Did the 1980s cartoons rock or did they suck major league? Maybe Michael Bay didn’t kill the franchise.

I’m beginning to doubt the original Transformers were as good as I first thought.

A few years ago, my friend’s fiancee declared she’d never watched the original Transformers, and would never watch them. She felt that Michael Bay’s sucky Transformers served as a good reconstruction of the original source material. After flipping her the bird, upsetting the dining room table, and threatening to defecate on their wedding’s dance floor, she agreed to watch the original 1980s series to understand the show’s utter difference from Michael Bay’s hideous desecration.

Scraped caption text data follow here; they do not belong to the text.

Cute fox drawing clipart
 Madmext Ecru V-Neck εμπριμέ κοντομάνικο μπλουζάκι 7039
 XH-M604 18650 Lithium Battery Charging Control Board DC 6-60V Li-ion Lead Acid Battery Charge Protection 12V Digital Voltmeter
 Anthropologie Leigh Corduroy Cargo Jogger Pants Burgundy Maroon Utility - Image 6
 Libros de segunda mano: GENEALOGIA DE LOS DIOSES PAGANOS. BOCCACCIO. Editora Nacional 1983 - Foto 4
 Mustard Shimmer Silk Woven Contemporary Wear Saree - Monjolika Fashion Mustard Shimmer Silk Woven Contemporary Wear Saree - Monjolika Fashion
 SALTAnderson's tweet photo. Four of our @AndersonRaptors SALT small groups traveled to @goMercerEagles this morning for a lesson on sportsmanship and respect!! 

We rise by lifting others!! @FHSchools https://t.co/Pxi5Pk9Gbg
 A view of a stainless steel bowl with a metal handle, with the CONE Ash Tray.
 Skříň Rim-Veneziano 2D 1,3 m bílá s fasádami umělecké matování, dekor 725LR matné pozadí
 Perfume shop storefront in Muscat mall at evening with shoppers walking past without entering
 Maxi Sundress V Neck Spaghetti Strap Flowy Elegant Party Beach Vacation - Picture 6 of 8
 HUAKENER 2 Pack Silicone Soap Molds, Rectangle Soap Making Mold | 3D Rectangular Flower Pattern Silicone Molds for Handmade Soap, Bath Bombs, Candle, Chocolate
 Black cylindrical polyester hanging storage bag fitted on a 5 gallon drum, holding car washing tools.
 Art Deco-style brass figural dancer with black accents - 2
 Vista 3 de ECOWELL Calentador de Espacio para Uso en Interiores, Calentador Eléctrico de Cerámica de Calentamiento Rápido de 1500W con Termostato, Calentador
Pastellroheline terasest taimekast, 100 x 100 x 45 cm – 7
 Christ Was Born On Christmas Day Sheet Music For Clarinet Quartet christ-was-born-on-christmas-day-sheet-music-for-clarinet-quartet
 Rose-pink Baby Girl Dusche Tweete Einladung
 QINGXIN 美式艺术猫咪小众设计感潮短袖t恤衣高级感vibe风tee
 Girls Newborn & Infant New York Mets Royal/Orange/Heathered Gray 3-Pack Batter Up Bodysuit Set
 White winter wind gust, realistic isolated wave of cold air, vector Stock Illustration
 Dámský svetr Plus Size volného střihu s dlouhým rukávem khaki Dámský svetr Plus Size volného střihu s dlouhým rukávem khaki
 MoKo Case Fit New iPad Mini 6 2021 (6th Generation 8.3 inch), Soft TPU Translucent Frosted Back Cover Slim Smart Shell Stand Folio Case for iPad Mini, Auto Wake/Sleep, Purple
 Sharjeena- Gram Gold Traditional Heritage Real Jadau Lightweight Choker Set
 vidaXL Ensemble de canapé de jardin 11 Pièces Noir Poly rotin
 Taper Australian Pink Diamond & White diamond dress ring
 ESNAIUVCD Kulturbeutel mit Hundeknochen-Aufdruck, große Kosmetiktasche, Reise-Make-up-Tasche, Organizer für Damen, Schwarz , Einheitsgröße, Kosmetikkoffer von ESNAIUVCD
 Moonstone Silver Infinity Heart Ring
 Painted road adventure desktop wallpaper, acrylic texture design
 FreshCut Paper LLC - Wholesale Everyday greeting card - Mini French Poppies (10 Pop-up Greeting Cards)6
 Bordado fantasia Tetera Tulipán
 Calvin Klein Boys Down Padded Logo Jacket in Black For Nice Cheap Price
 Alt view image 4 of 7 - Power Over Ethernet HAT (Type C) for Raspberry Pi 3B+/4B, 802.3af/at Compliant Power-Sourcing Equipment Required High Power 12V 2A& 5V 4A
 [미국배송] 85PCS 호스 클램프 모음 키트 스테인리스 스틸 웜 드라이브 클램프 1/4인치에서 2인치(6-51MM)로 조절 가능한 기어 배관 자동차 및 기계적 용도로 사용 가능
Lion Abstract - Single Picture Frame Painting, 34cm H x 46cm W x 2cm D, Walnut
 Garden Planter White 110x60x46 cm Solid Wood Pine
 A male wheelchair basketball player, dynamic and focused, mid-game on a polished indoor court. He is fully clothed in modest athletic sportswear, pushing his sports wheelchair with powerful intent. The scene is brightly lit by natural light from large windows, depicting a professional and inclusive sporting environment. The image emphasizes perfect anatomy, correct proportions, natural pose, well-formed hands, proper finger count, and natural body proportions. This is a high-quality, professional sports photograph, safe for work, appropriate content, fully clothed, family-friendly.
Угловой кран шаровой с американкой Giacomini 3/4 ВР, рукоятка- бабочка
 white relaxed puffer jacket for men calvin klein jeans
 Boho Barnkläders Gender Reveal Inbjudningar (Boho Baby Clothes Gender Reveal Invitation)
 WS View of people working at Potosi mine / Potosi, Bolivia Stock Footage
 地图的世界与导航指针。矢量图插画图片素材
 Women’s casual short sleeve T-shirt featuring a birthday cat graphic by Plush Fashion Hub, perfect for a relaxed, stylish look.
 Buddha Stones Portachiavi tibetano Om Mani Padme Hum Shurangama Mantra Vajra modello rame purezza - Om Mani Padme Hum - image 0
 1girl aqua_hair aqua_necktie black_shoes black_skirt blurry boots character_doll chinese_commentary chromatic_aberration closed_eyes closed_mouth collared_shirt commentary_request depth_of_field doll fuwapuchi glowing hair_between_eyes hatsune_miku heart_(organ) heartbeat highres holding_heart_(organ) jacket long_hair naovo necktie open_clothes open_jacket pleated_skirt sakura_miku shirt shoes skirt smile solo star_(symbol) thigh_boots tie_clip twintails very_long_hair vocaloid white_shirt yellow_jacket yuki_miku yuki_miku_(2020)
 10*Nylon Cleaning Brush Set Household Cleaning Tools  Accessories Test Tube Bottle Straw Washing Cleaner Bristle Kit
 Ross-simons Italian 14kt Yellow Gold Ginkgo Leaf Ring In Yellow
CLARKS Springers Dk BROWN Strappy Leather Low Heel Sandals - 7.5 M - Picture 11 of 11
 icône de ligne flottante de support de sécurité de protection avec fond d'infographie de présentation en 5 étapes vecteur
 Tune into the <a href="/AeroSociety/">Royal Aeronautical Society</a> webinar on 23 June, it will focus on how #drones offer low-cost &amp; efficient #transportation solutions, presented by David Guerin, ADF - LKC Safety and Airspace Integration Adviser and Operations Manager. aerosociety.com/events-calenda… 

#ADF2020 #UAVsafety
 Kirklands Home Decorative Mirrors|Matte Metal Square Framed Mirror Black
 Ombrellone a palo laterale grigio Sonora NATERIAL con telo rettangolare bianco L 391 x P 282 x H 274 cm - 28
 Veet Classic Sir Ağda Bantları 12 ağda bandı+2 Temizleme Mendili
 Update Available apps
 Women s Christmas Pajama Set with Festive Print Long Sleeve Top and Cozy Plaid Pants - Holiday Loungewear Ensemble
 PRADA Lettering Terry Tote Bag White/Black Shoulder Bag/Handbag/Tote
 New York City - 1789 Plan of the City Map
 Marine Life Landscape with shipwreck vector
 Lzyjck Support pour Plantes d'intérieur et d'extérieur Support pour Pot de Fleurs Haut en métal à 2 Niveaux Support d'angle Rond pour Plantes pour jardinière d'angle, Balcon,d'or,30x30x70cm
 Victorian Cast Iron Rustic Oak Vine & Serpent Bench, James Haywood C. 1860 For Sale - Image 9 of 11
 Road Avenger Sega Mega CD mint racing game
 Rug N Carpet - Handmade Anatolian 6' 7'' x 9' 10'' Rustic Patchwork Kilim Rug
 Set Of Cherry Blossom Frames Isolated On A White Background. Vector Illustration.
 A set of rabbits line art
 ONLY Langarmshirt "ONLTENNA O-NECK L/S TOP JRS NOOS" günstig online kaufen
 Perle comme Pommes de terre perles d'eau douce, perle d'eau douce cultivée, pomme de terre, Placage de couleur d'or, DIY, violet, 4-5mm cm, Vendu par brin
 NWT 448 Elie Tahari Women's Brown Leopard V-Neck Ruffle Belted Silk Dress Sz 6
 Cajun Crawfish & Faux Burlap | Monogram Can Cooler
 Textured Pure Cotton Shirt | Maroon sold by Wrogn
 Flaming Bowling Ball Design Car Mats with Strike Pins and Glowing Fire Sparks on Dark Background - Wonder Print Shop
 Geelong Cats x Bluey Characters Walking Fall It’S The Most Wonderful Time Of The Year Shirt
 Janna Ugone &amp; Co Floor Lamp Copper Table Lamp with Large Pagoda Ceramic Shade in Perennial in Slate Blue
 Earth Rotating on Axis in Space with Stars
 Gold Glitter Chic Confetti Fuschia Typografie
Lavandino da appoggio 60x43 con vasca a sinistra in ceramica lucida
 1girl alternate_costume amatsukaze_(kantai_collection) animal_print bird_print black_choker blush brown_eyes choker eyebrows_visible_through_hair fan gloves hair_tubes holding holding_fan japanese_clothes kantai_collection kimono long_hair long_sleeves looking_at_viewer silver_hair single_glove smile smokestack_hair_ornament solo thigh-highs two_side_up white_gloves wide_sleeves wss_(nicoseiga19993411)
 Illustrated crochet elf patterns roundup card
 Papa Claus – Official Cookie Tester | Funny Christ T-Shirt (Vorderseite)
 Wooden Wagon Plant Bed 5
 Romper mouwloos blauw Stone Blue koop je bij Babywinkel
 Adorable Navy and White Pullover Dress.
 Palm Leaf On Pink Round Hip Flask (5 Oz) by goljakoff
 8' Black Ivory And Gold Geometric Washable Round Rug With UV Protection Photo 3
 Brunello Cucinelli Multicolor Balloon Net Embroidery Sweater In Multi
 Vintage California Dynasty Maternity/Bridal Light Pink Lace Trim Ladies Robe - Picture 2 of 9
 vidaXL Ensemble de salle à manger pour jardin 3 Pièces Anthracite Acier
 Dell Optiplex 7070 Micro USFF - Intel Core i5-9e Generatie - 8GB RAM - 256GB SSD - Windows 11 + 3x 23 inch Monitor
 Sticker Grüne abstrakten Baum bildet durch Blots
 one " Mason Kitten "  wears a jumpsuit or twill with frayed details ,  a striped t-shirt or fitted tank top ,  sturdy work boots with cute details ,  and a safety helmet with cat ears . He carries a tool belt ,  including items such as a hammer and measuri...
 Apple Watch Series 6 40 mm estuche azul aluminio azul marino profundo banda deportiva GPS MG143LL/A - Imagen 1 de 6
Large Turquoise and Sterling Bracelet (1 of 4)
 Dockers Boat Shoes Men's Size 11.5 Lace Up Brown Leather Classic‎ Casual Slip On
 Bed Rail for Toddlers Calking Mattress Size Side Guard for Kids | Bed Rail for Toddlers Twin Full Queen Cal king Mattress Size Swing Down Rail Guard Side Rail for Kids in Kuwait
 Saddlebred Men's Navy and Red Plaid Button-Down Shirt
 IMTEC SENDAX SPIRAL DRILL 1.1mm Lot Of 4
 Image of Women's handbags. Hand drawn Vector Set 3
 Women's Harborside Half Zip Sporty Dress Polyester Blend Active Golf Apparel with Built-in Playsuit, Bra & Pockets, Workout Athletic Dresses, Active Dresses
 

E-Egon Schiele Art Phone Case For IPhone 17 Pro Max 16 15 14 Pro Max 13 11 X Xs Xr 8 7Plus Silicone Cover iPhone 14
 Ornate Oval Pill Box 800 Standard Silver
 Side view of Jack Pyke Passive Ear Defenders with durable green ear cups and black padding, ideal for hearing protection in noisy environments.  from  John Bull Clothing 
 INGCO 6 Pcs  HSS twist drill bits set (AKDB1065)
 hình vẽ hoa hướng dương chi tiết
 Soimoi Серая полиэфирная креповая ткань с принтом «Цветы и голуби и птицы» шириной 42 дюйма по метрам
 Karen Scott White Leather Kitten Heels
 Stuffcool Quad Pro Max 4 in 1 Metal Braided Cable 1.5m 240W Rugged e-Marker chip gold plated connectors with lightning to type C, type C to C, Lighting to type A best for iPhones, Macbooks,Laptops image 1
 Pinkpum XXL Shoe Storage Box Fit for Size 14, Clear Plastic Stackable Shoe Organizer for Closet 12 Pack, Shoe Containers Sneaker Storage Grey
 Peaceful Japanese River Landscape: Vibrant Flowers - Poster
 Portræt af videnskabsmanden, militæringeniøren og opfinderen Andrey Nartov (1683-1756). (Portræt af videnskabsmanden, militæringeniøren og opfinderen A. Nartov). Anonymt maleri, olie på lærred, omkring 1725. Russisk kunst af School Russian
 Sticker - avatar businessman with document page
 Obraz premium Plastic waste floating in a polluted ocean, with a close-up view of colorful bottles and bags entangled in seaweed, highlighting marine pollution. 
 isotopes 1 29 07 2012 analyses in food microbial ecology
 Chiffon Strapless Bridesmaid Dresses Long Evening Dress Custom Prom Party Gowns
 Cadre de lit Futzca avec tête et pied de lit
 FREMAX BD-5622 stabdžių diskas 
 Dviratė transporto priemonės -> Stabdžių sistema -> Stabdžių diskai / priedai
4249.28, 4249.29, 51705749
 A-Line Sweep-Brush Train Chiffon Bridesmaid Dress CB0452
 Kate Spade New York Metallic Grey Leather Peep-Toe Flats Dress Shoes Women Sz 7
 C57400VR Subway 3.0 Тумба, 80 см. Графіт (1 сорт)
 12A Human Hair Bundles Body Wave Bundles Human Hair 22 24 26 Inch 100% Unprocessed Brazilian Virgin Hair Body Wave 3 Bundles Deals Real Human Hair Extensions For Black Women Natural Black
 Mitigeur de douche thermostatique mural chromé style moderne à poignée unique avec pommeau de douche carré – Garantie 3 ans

Unfortunately, after forcing her to watch the second episode of the first season, I realized she was right. The entire show consisted of explosions, chase scenes, stocky dialogue, clunky cartooning, and thinly veiled reasons for Transformer transformations. I was horrified. I remembered the beauty of the 1986 Transformers movie my friends and I re-watched in college. I felt ashamed wondering if I mis-remembered its awesomeness.

However, when I re-watched season one, episode one, I saw the beautiful narrative, the well-constructed details of Cybertron, and the melancholy surrounding the loss of the Transformers’ home planet that I remembered. So, now I have to wonder are the Transformers as kickass as I thought, or are they just halcyon childhood memories?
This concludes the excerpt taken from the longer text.